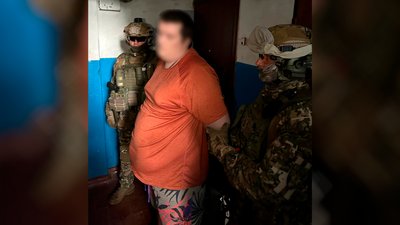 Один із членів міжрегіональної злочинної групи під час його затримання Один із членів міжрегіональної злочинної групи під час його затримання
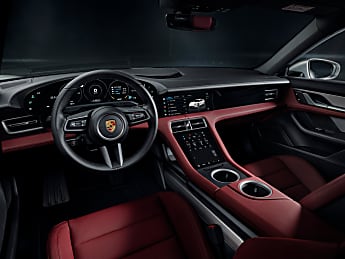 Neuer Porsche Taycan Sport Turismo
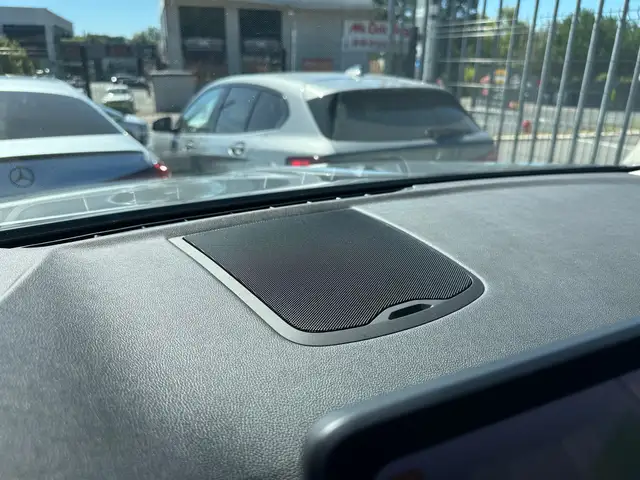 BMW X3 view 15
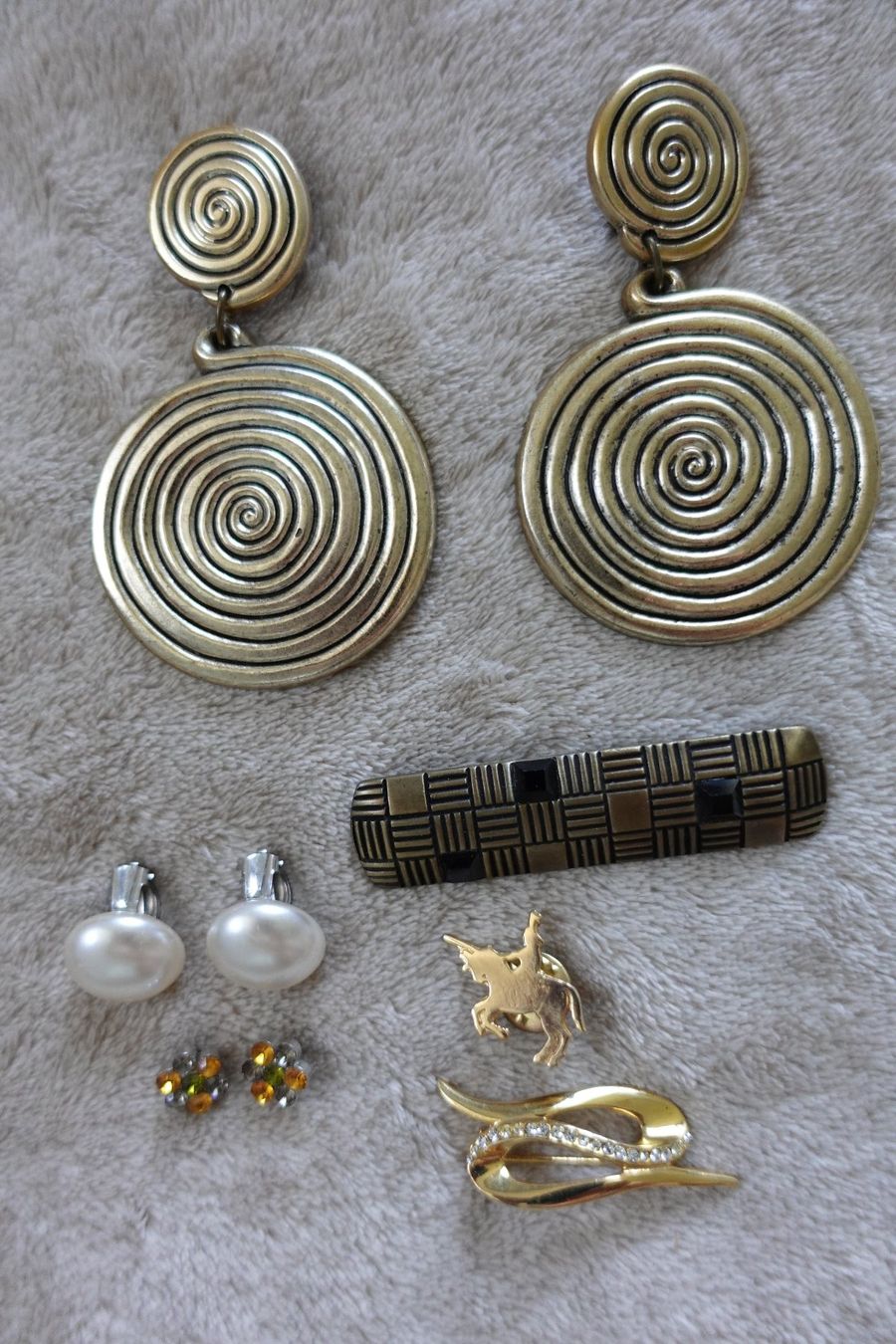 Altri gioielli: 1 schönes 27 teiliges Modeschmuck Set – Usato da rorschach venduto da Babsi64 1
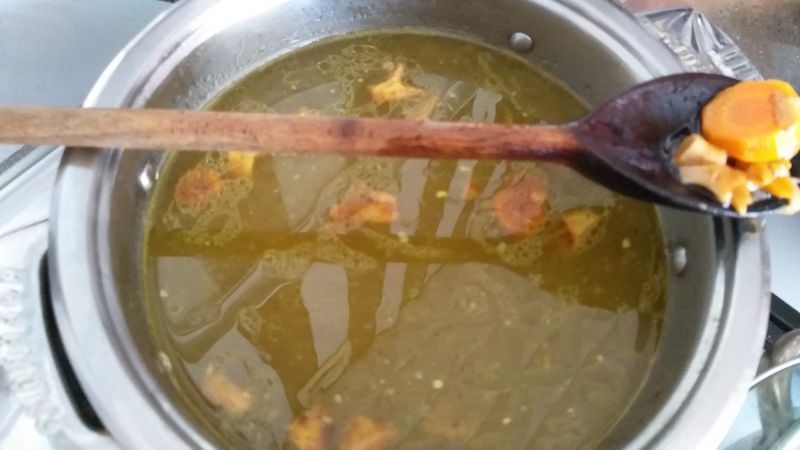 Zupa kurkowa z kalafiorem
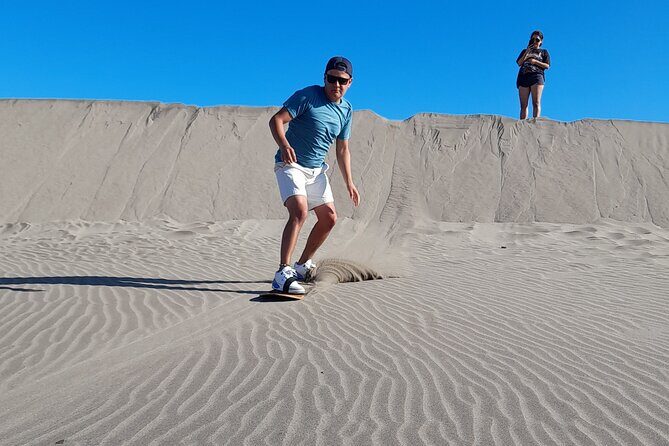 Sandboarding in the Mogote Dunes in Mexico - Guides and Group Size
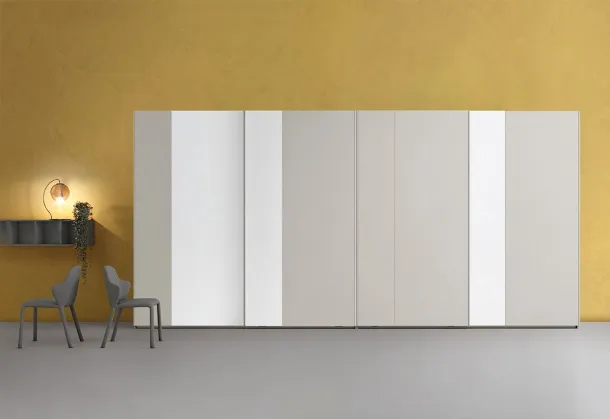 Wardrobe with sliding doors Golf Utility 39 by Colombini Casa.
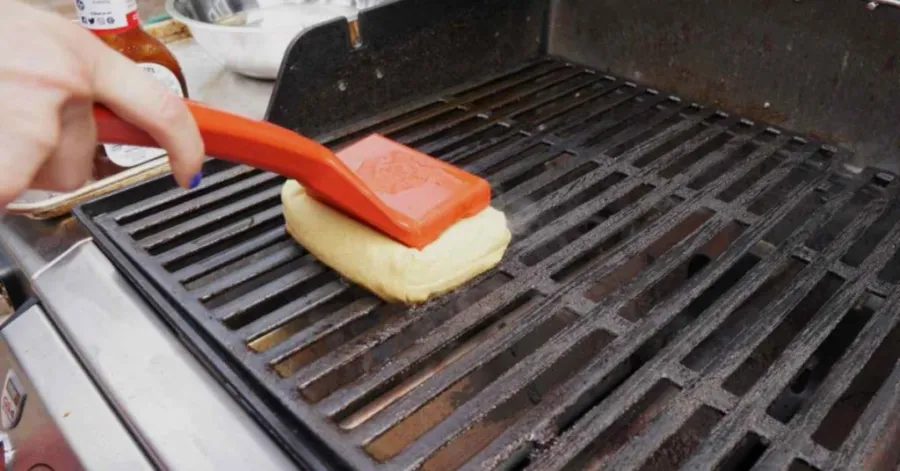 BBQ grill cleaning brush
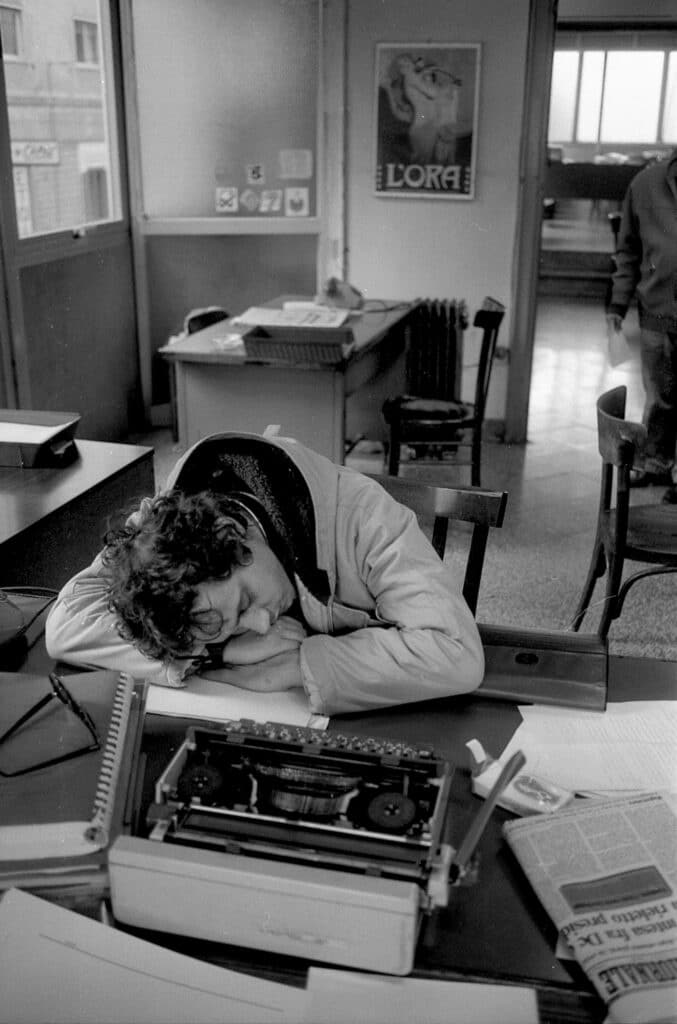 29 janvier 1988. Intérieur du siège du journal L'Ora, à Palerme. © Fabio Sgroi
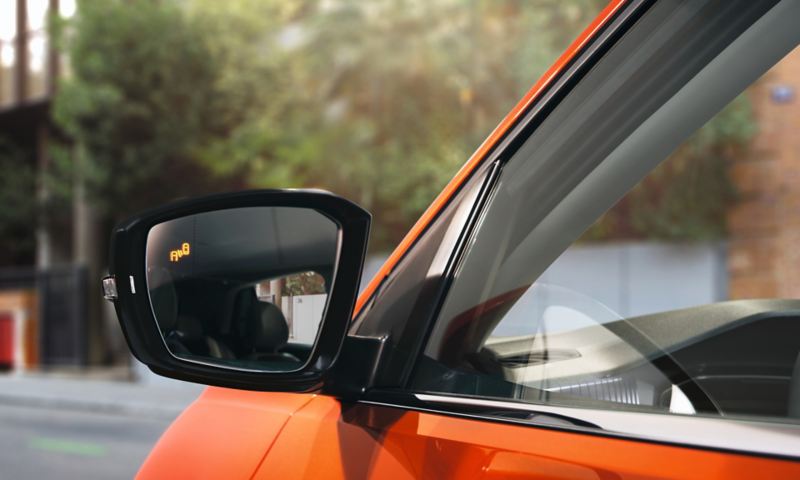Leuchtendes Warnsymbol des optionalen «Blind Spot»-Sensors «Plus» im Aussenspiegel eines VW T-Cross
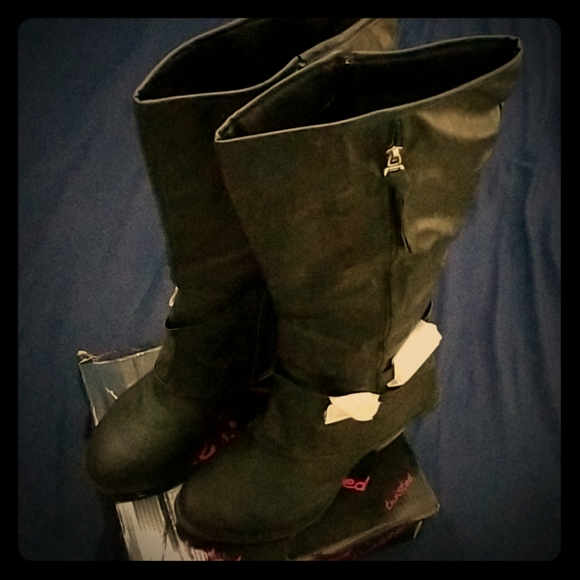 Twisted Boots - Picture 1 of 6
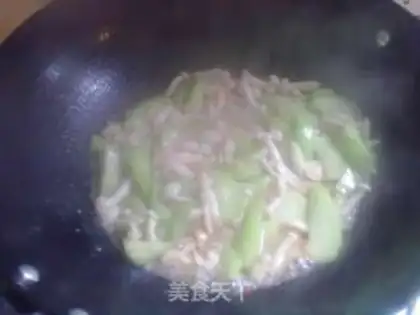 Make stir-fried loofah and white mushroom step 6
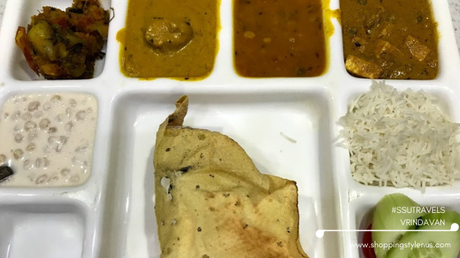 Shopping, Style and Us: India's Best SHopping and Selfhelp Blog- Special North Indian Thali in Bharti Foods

→ **TASK ITEM**: Pictures are to be left out; the rest of the listing should be printed exactly.

→ **RESPONSE TO THIS TASK**:
 Один із членів міжрегіональної злочинної групи під час його затримання Один із членів міжрегіональної злочинної групи під час його затримання
 Neuer Porsche Taycan Sport Turismo
 BMW X3 view 15
 Altri gioielli: 1 schönes 27 teiliges Modeschmuck Set – Usato da rorschach venduto da Babsi64 1
 Zupa kurkowa z kalafiorem
 Sandboarding in the Mogote Dunes in Mexico - Guides and Group Size
 Wardrobe with sliding doors Golf Utility 39 by Colombini Casa.
 BBQ grill cleaning brush
 29 janvier 1988. Intérieur du siège du journal L'Ora, à Palerme. © Fabio Sgroi
Leuchtendes Warnsymbol des optionalen «Blind Spot»-Sensors «Plus» im Aussenspiegel eines VW T-Cross
 Twisted Boots - Picture 1 of 6
 Make stir-fried loofah and white mushroom step 6
 Shopping, Style and Us: India's Best SHopping and Selfhelp Blog- Special North Indian Thali in Bharti Foods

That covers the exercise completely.